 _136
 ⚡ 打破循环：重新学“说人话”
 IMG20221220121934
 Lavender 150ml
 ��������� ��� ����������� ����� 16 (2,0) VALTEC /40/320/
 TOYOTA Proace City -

...

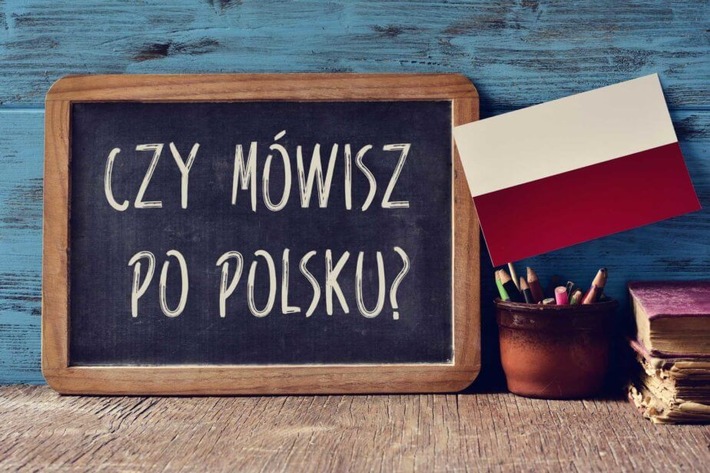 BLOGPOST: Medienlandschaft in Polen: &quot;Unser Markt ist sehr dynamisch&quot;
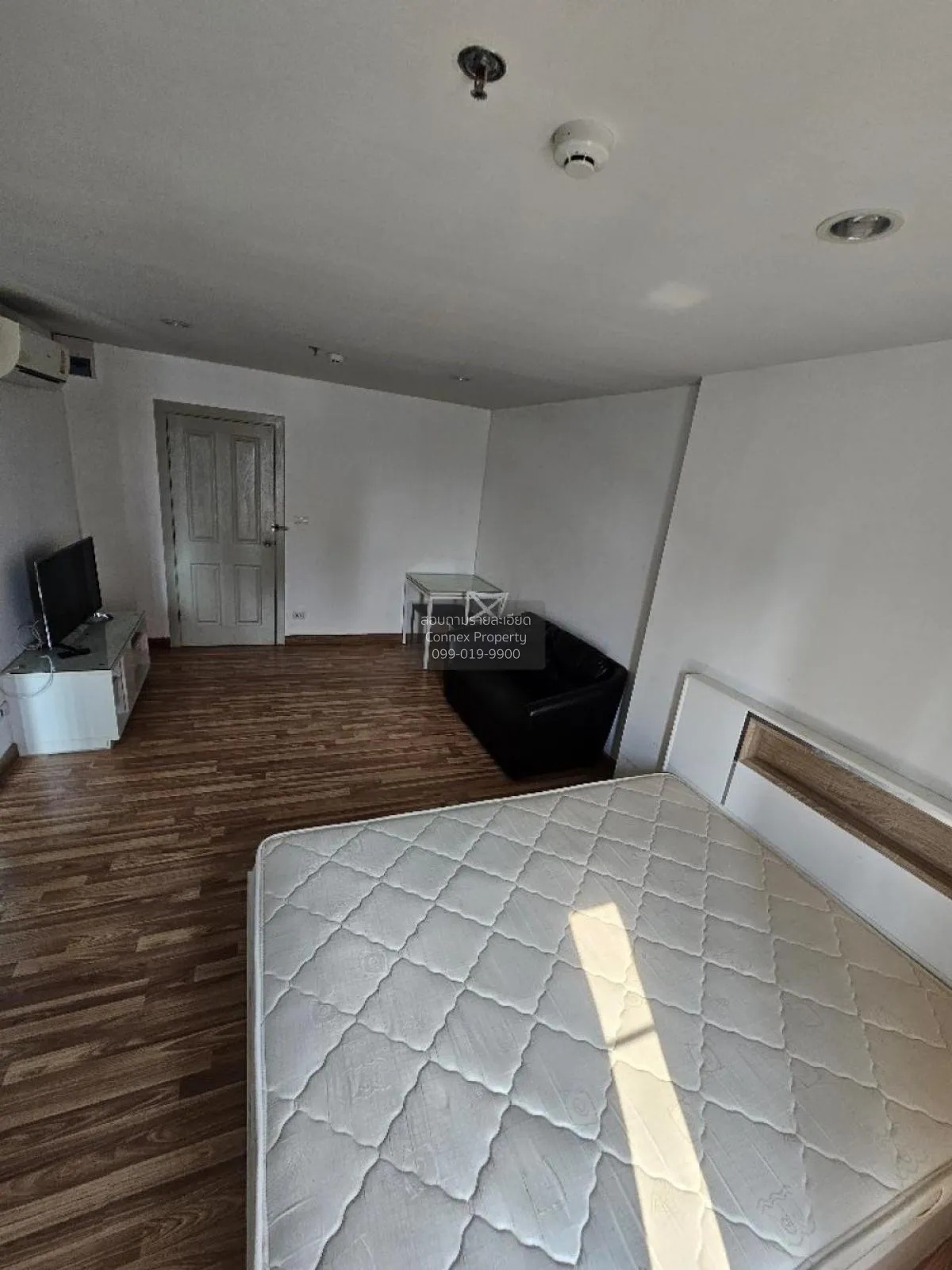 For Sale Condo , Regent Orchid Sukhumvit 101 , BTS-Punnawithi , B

### What the exercise asks
Your answer should consist of the lines above between those holding "BLOGPOST: Medienlandschaft in" and "For Sale Condo", inclusive, reproduced word for word and without pictures.

### Answer to this exercise
 BLOGPOST: Medienlandschaft in Polen: &quot;Unser Markt ist sehr dynamisch&quot;
 For Sale Condo , Regent Orchid Sukhumvit 101 , BTS-Punnawithi , B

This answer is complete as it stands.